We can divide mathematics into pure and applied maths. Pure maths is the theory of maths and is very abstract. The work you have covered on algebra is mostly pure maths. Applied maths is all about taking the theory (or pure maths) and applying it to the real world. To be able to do applied maths, you first have to learn pure maths.
But what does this have to do with probability? Well, just as mathematics can be divided into pure maths and applied maths, so statistics can be divided into probability theory and applied statistics. And just as you cannot do applied mathematics without knowing any theory, you cannot do statistics without beginning with some understanding of probability theory. Furthermore, just as it is not possible to describe what arithmetic is without describing what mathematics as a whole is, it is not possible to describe what probability theory is without some understanding of what statistics as a whole is about, and statistics, in its broadest sense, is about 'processes'.
Note: Interesting fact:
A process is how an object changes over time. For example, consider a coin. Now, the coin by itself is not a process; it is simply an object. However, if I was to flip the coin (i.e. putting it through a process), after a certain amount of time (however long it would take to land), it is brought to a final state. We usually refer to this final state as 'heads' or 'tails' based on which side of the coin landed face up, and it is the 'heads' or 'tails' that the statistician (person who studies statistics) is interested in. Without the process there is nothing to examine. Of course, leaving the coin stationary is also a process, but we already know that its final state is going to be the same as its original state, so it is not a particularly interesting process. Usually when we speak of a process, we mean one where the outcome is not yet known, otherwise there is no real point in analyzing it. With this understanding, it is very easy to understand what, precisely, probability theory is.

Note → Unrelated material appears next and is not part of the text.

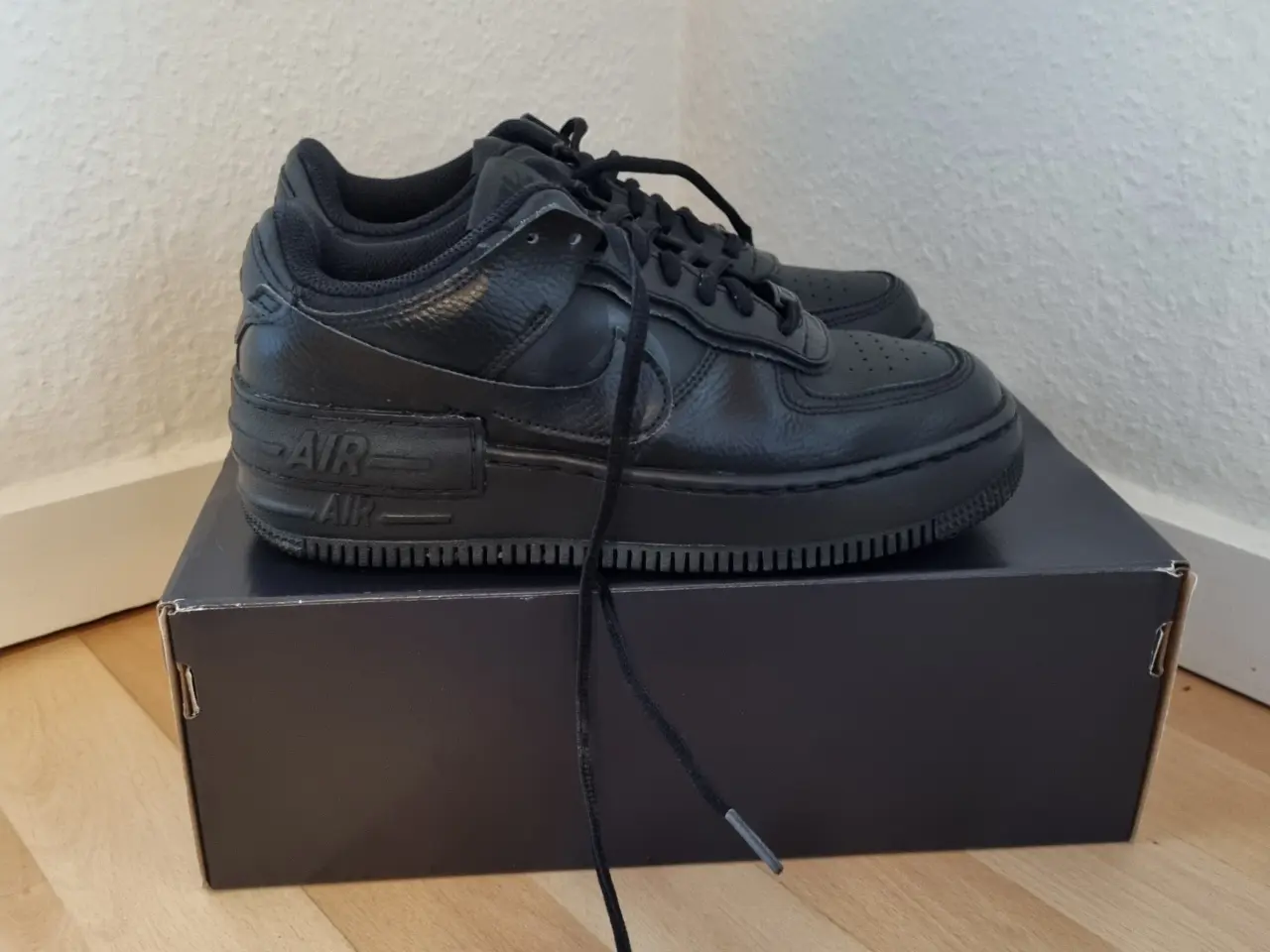 Billede 2 - NIKE W AF1 SHADOW Black sneakers str.39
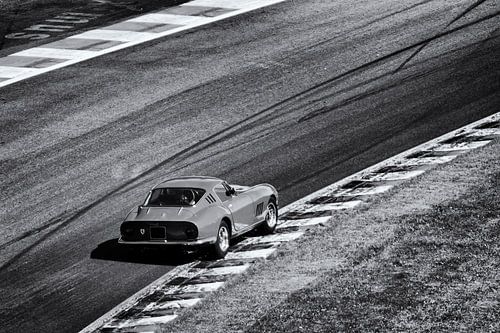 Ferrari 275 GTB voiture de sport classique à Spa Francorchamps en noir et blanc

When we speak of probability theory as a whole, we mean the way in which we quantify the possible outcomes of processes. Then, just as 'applied' mathematics takes the methods of 'pure' mathematics and applies them to real-world situations, applied statistics takes the means and methods of probability theory (i.e. the means and methods used to quantify possible outcomes of events) and applies them to real-world events in some way or another. For example, we might use probability theory to quantify the possible outcomes of the coin-flip above as having a 50% chance of coming up heads and a 50% chance of coming up tails, and then use statistics to apply it a real-world situation by saying that of six coins sitting on a table, the most likely scenario is that three coins will come up heads and three coins will come up tails. This, of course, may not happen, but if we were only able to bet on ONE outcome, we would probably bet on that because it is the most probable. But here, we are already getting ahead of ourselves. So let's back up a little.
To quantify results, we may use a variety of methods, terms, and notations, but a few common ones are:
- a percentage (for example '50%')
- a proportion of the total number of outcomes (for example, '5/10')

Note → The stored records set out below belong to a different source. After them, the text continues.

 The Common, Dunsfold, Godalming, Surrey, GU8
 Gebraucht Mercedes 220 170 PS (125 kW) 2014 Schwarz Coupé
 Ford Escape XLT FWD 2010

- a proportion of 1 (for example, '1/2')
You may notice that all three of the above examples represent the same probability, and in fact ANY method of probability is fundamentally based on the following procedure:
- Define a process.
- Define the total measure for all outcomes of the process.
- Describe the likelihood of each possible outcome of the process with respect to the total measure.
The term 'measure' may be confusing, but one may think of it as a ruler. If we take a ruler that is 1 metre long, then half of that ruler is 50 centimetres, a quarter of that ruler is 25 centimetres, etc. However, the thing to remember is that without the ruler, it makes no sense to talk about proportions of a ruler! Indeed, the three examples above (50%, 5/10, and 1/2) represented the same probability, the only difference was how the total measure (ruler) was defined. If we go back to thinking about it in terms of a ruler '50%' means '50/100', so it means we are using 50 parts of the original 100 parts (centimetres) to quantify the outcome in question. '5/10' means 5 parts out of the original 10 parts (10 centimetre pieces) depict the outcome in question. And in the last example, '1/2' means we are dividing the ruler into two pieces and saying that one of those two pieces represents the outcome in question. But these are all simply different ways to talk about the same 50 centimetres of the original 100 centimetres! In terms of probability theory, we are only interested in proportions of a whole.
Although there are many ways to define a 'measure', the most common and easiest one to generalize is to use '1' as the total measure. So if we consider the coin-flip, we would say that (assuming the coin was fair) the likelihood of heads is 1/2 (i.e. half of one) and the likelihood of tails is 1/2. On the other hand, if we consider the event of not flipping the coin, then (assuming the coin was originally heads-side-up) the likelihood of heads is now 1, while the likelihood of tails is 0. But we could have also used '14' as the original measure and said that the likelihood of heads or tails on the coin-flip was each '7 out of 14', while on the non-coin-flip the likelihood of heads was '14 out of 14', and the likelihood of tails was '0 out of 14'. Similarly, if we consider the throwing of a (fair) six-sided die, it may be easiest to set the total measure to '6' and say that the likelihood of throwing a '4' is '1 out of the 6', but usually we simply say that it is 1/6, i.e. '1/6 of 1'.